Opmaak van een re-integratieplan

De opmaak van het re-integratieplan werd al via de programmawet van 19 december 2014 ingevoerd. Er werd namelijk een nieuwe paragraaf in artikel 100 toegevoegd aan de Wet betreffende de verplichte verzekering voor geneeskundige verzorging en uitkeringen gecoördineerd op 14 juli 1994. Daarmee werd het kader geschetst voor de opmaak van dit re-integratieplan. Dit plan moet opgemaakt worden ten laatste drie maanden na het begin van de periode van primaire arbeidsongeschiktheid (het eerste jaar van arbeidsongeschiktheid). Het doel hiervan is om de re-integratie van arbeidsongeschikte personen op de arbeidsmarkt te bevorderen. Hierbij wordt uitgegaan van wat de medewerker nog kan en niet alleen van wat hij niet meer kan (de resterende capaciteiten).

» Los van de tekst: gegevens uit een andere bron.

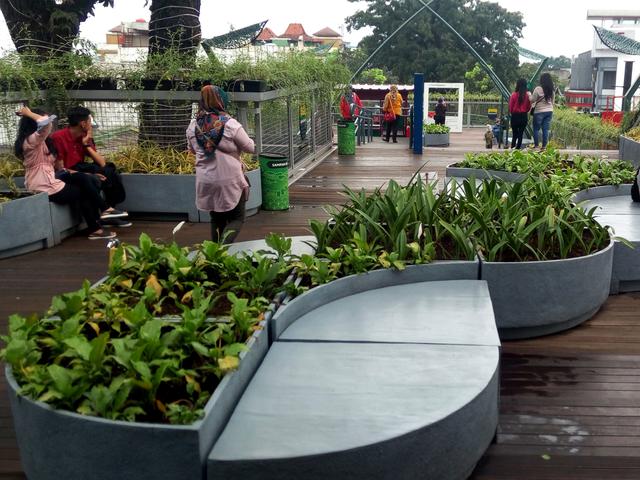 Menyusuri Teras Cihampelas Menikmati Pagi Romantis Di Bandung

Re-integratie mogelijk in meer situaties

Werkhervatting is voor veel arbeidsongeschikte werknemers de beste weg om terug hun oude job op te nemen. Dit kon tot nu toe echter enkel mogelijk voor werknemers die minstens 50% arbeidsongeschikt zijn. Er is nu ook een mogelijkheid gecreëerd dat dit ook kan voor werknemers met een percentage van arbeidsongeschiktheid dat lager ligt dan 50%. Want de wet van 14 juli 1994 stelt dat “Wordt als arbeidsongeschikt erkend, de werknemer die een toegelaten arbeid hervat op voorwaarde dat hij, van een geneeskundig oogpunt uit, een vermindering van zijn vermogen van ten minste 50 % behoudt”.

Van kracht vanaf 1 december 2016

De 2 KB’s treden reeds in werking op 1 december 2016.